The attraction of palm oil products as an alternative to greenhouse gas-producing fossil fuels has led to clearing of tropical forests for palm plantations, notably in Malaysia and Indonesia.
Environment Minister Malcolm Turnbull announced he would raise the issue at a United Nations climate change meeting in Bali in December, to push for a certification regime on the sourcing of palm oil products.
It follows criticism the government is spending $54 million subsidising biodiesel products derived from palm oil, a far higher figure than the $7.5 million it has allocated to help save Indonesia’s rainforests.
Under the cleaner fuels grants scheme (CFGS), the government provides grants in relation to the manufacture and importation of eligible cleaner fuels, including palm oil.
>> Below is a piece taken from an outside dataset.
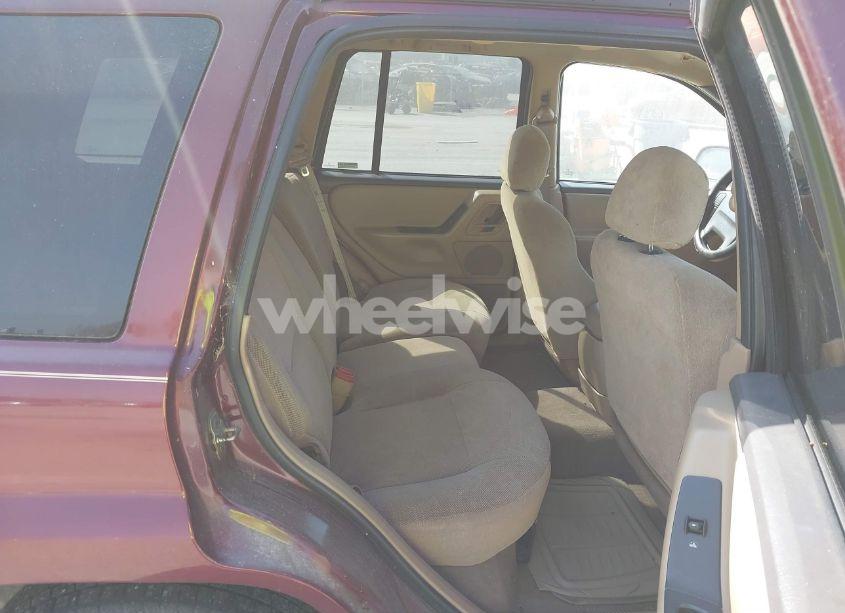Photo 8 of 1999 Jeep Grand CHEROKEE LAREDO (VIN 1J4GW58S6XC554582)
Mr Turnbull said while Australia’s imports of palm oil are small relative to the global industry, he had asked his department to report to him on both the domestic and international position on palm oil production and use and to consult with major palm oil importing countries, especially in Europe.
He said he intended to take a proposal to the UN climate change meeting to establish an international certification scheme.
“I am advised that the two biodiesel plants which have commenced operations in Australia in the last year and which use palm oil have both undertaken to source their feedstock through companies that abide by the Roundtable on Sustainable Palm Oil (RSPO),” he said.
“The RSPO was established in 2002 to ensure palm oil was produced sustainably.”
Mr Turnbull said that if palm oil was produced in areas which had previously been cleared for agriculture, biodiesel based on that palm oil did have a considerable reduction in CO2 emissions compared to petroleum.
“However, if the land is cleared of rainforest or, worse still, forested peatland is cleared, the CO2 emissions attributed to that palm oil are in fact greater than petroleum,” he said.
Labor’s environment spokesman Peter Garrett compared Mr Turnbull’s position on the two policy issues to a car crash.
“This is the sort of public policy car crash we have come to expect from the Howard government,” he said.
“It’s a collision that doesn’t need to happen, and wouldn’t be happening if the government had been paying attention and prepared themselves for climate change over the last decade.”
HSI spokeswoman Rebecca Keeble said escalating global demand for palm oil for biodiesel and as an additive in food and toiletry products had led to an increase in habitat degradation as tropical forests made way for palm oil plantations.
“Currently, there is no certification system in place that verifies that any palm oil produced, anywhere in the world, is from sustainable practices, so we commend the government for committing to furthering an international certification scheme of this nature at the UN climate change meetings in December.”